Louisville grapples with aftermath of violent week

Louisville grapples with aftermath of violent week
Chief Conrad addressed the media after a surge in violence. (Source: Greg Schapker/WAVE 3 News)
Chief Conrad addressed the media after a surge in violence. (Source: Greg Schapker/WAVE 3 News)
Louisville Metro police were called to the 1000 block of S. Hancock St. around 3:45 p.m. (Source: Steven Richard, WAVE 3 News)
Louisville Metro police were called to the 1000 block of S. Hancock St. around 3:45 p.m. (Source: Steven Richard, WAVE 3 News)

LOUISVILLE, KY (WAVE) - The shootings started on Tuesday on Camp Street. The second on Jacob, then on Hancock and Friday on M Street. Five people are now dead, killed in four days.

"It's ridiculous," said LaNesha Harris, the mother of the 14-year-old killed Wednesday night.

So what is Louisville going to do? Friday, LMPD Chief Steve Conrad stepped up, promising to beef up patrols in problem areas while blaming drugs and  gangs.

"We will continue to be hesitant to label any situation as gang-related because at times I believe it oversimplifies the terrible situation," he said.

Just one hour after the press conference another group was trying to make their voices heard.

"We have to stop. We have to stop," Troy Hunt Sr., the father of the murdered teen, Troyvonte Hunt, told us during a peace walk.

"I just lost my baby. Like, he was my last son," the boy's mother said.

Most of those at the peace walk were teens.

"I don't know if it's ever going to end or not. I don't know. I don't know if it's going to end," 16-year-old Kansas Douglas, Hunt's friend said.

She says she knows exactly what goes on around her and tried to help her friend not get wrapped up in it.

"I look at it like, if you do your work, go to school, and do what your supposed to do nothing would be bad in life, nothing would be bad," she said. "And I don't think they understood that."

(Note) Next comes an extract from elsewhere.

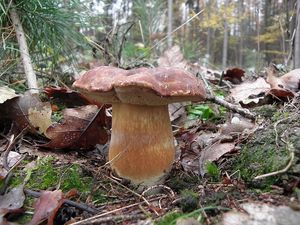 Klikni pro velký obrázek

Douglas now joins many others hoping something will give.

"We all want to make Louisville a safer place," Conrad said. "It's going to take all of us working together to make that happen."

The chief gave specific examples of how everyone can make a difference during the press conference.

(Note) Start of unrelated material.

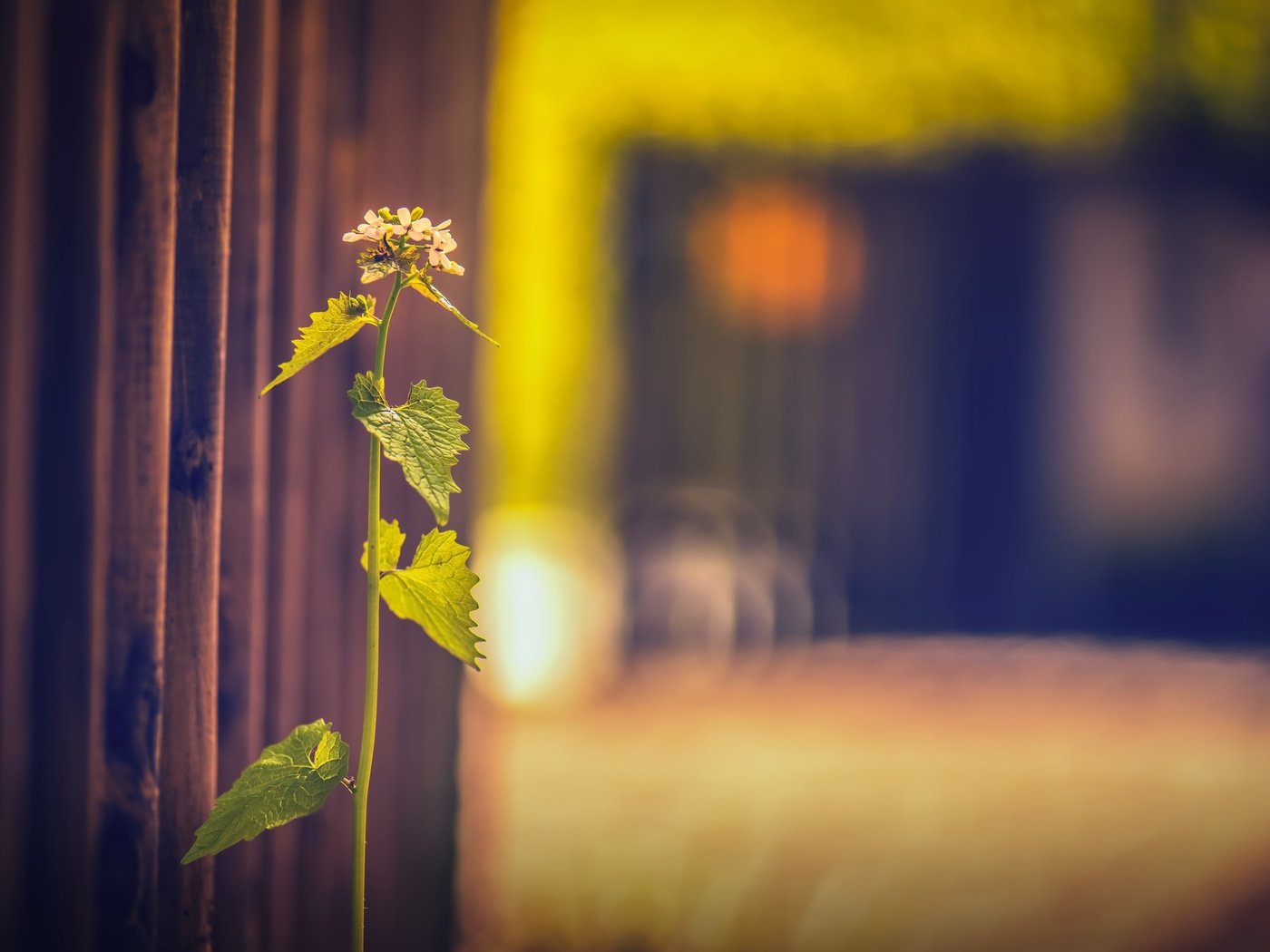 Обои трава, фон, забор, размытость, растение, grass, background, the fence, blur, plant разрешение 2560x1607 Загрузить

First, he said people who witness something or have information about a crime need to speak up and help detectives. He said he understands the fear of retaliation, but said people can call the anonymous tip line at 574-LMPD.

He added that parents can start taking a closer look at what their kids are up to and who they're hanging out with. He said parents should check out their social media accounts and look for pictures depicting any gang signs, guns, or money.

He pointed to resources on LMPD's website to help parents.

Finally, the Chief says all others should consider becoming a youth mentor, because sometimes, he believes, all it takes is someone to provide a helping hand.